The website also advises teachers and staff on how they can support illegal alien students on a page titled, “6 Things You Can Do to Create a Welcoming Environment for Undocumented Students.”

1. Do not inquire about a student’s immigration status. Students may have legitimate fears about disclosing this information. Educators and other personnel should not make assumptions about students’ immigration status.

2. Convey openness and assurance of confidentiality in discussing the topic, if a student chooses to disclose their immigration status.

3. Consider establishing welcoming spaces, while respecting student privacy, where undocumented students have the opportunity to learn and engage with their peers without fear or intimidation.

• Post this printable sign in your office or on your door

• Post an article about the Maryland DREAM Act in your office

4. Use inclusive language such as “undocumented student” “undocumented immigrant” “people without documents,” or “people without legal status.” The term “illegal alien” can make students feel unwelcome.

5. Learn the facts. For instance, every academic year, 65,000 undocumented students graduate from high school in the United States. Currently, around 5%-10% of these 65,000 high school graduates move on to a higher education institution (Gonzales, 2009). Maryland allows undocumented students to pay in- state tuition under certain conditions. Learn more about the Maryland DREAM Act.

6. Be sensitive to the limits that undocumented students face in your classroom activities and discussions.
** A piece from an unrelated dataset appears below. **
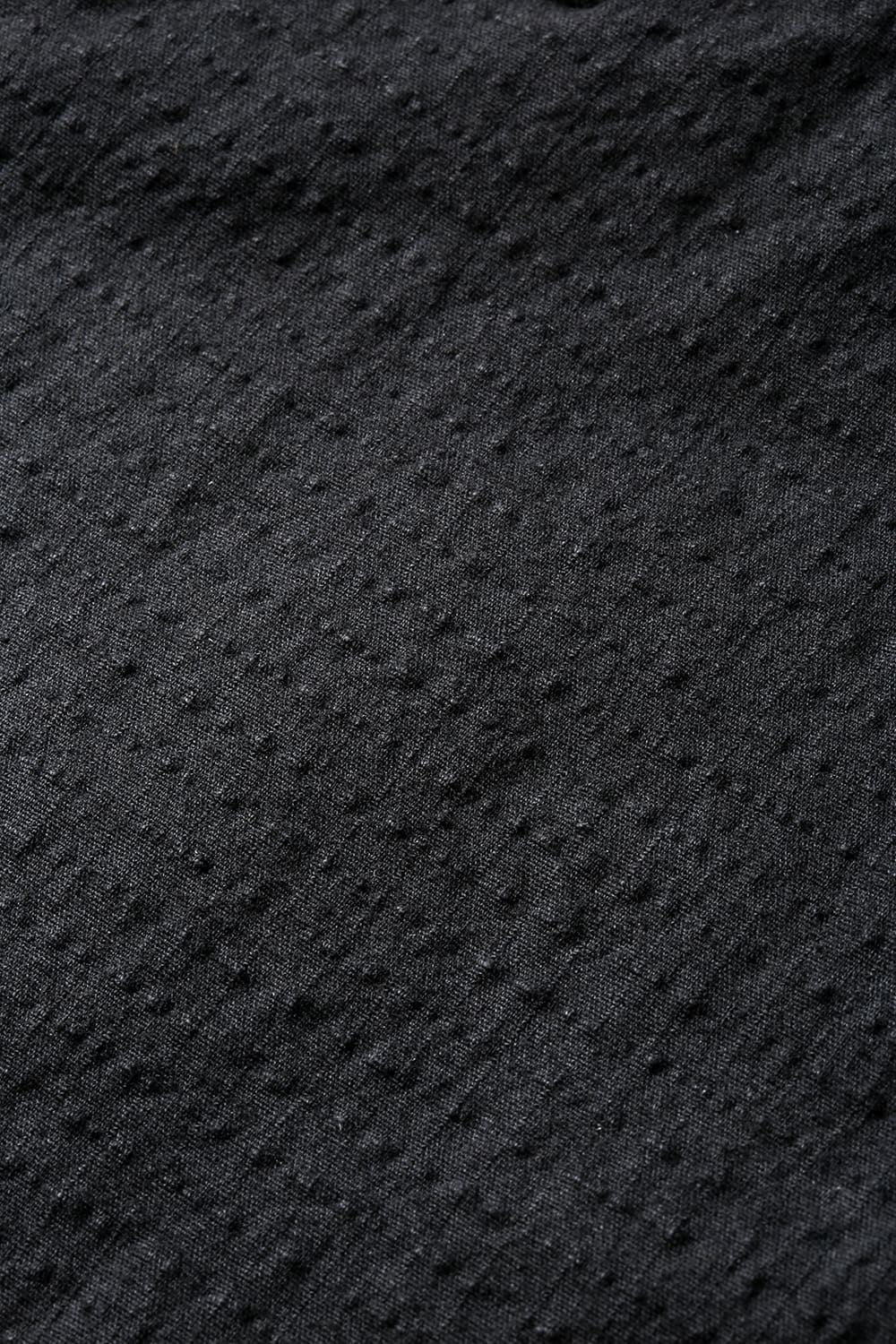 Dimple Washer Cotton Stretch Rip-Stop Multi-Pocket Cargo Jog Pants Black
Not every student is eligible to register to vote, to travel out of the country, or feels comfortable discussing their family’s migration story.
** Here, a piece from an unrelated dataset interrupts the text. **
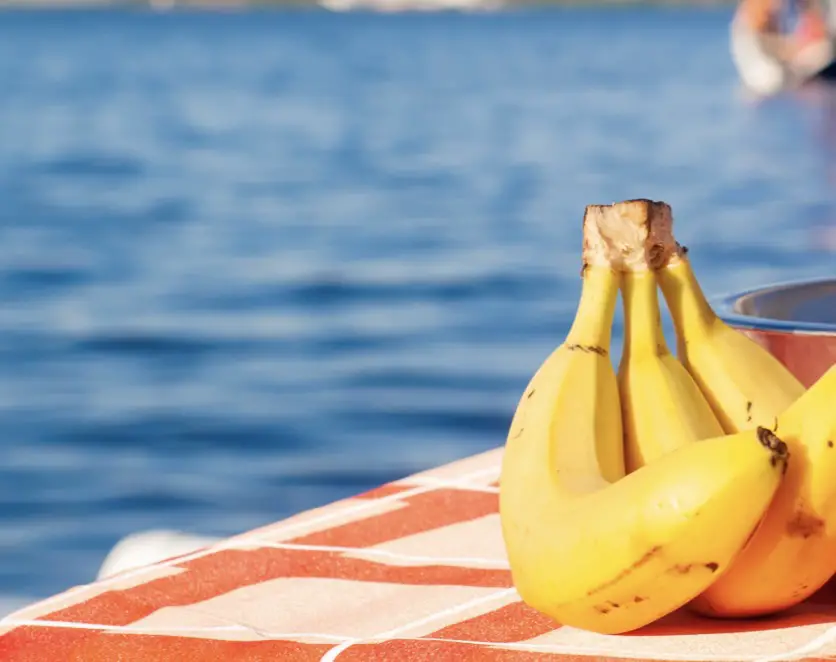 a bunch of bananas on a table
“While Trump’s administration announced on Feb. 21 that the DACA program will remain intact, it is stepping up its immigration enforcement and deportation efforts,” the student newspaper article states. “Department of Homeland Security memos from last month stated that undocumented immigrants convicted of any crime can be deported, and that there are no exceptions to the deportation proceedings.”

The article notes that, as of fall 2016, there were 113 students covered under Deferred Action for Childhood Arrivals (DACA) and that these actions by the University were undertaken because of student “demands.”
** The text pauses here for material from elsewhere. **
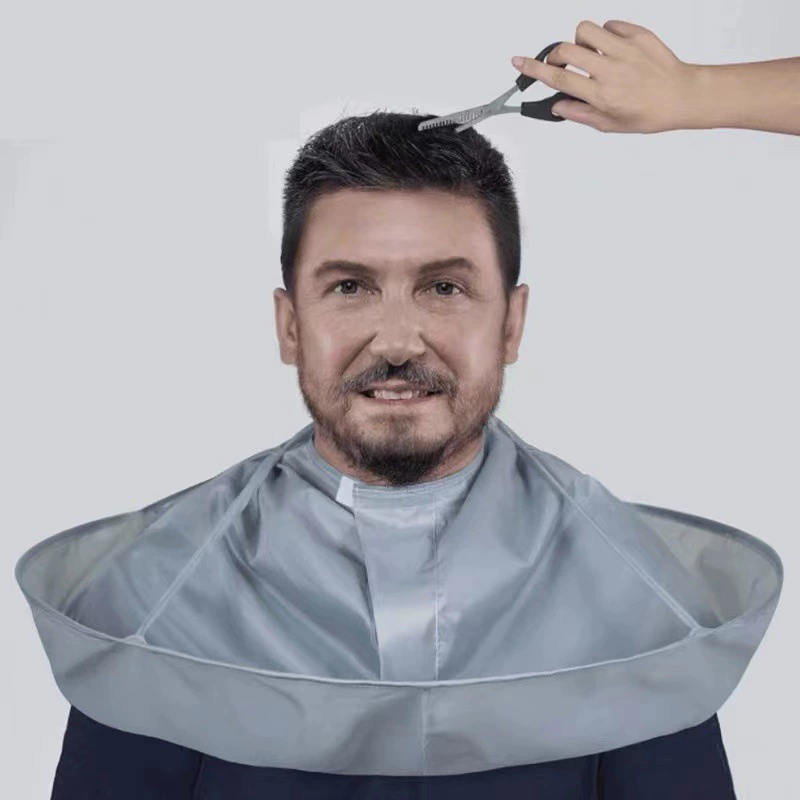 В наличии Новый утолщенный непромокаемый плащ для стрижки среднего размера для стрижки шарф для снятия волос 60 см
“Last semester, Protect UMD issued 64 demands to this university’s administration,” the student newspaper states. “Ten of those demands directly concerned undocumented students at this university, including a demand for ‘a full-time Undocumented Student Coordinator to advocate for, advise, represent, and protect undocumented and DACAmented students.’”

Meanwhile, Jose O. Montano and Henry E. Sanchez Milian, reportedly in the U.S. illegally, were arrested on Thursday for allegedly raping and sodomizing a 14-year-old Maryland high school girl, according to police.

A detective from the Special Victims Investigations Division Child Abuse/Sex Assault (SVID CA/SA) interviewed the victim, identified as “Victim A,” on Mar. 16. The young victim was allegedly orally, anally, and vaginally raped.

Both Montano and Sanchez Milian face “first-degree rape and two counts of first-degree sexual offense,” according to WTOP.com. U.S. Immigration and Customs Enforcement (ICE) placed an immigration detainer request on the 18-year-old Sanchez but would not comment on Montano’s case as he is a minor.

Democrats in Maryland are hoping to make the state a “sanctuary” for illegal aliens, the Washington Examiner reported.

“Maryland Democrats this week took a major step to becoming a ‘sanctuary state,’ drawing outrage from Republican Gov. Larry Hogan and concerns it would protect an 18-year-old illegal charged with raping a 14-year-old girl in a school bathroom last week.”

“The Democratically-controlled House of Delegates voted 83-55 to OK the Maryland Law Enforcement and Trust Act. Generally, it would bar state and local law enforcement from helping federal immigration officials seeking illegals, including requests to detain inmates for deportation,” the Examiner reported. “The legislation, however, allows counties that prefer to work with Immigration and Customs Enforcement to continue.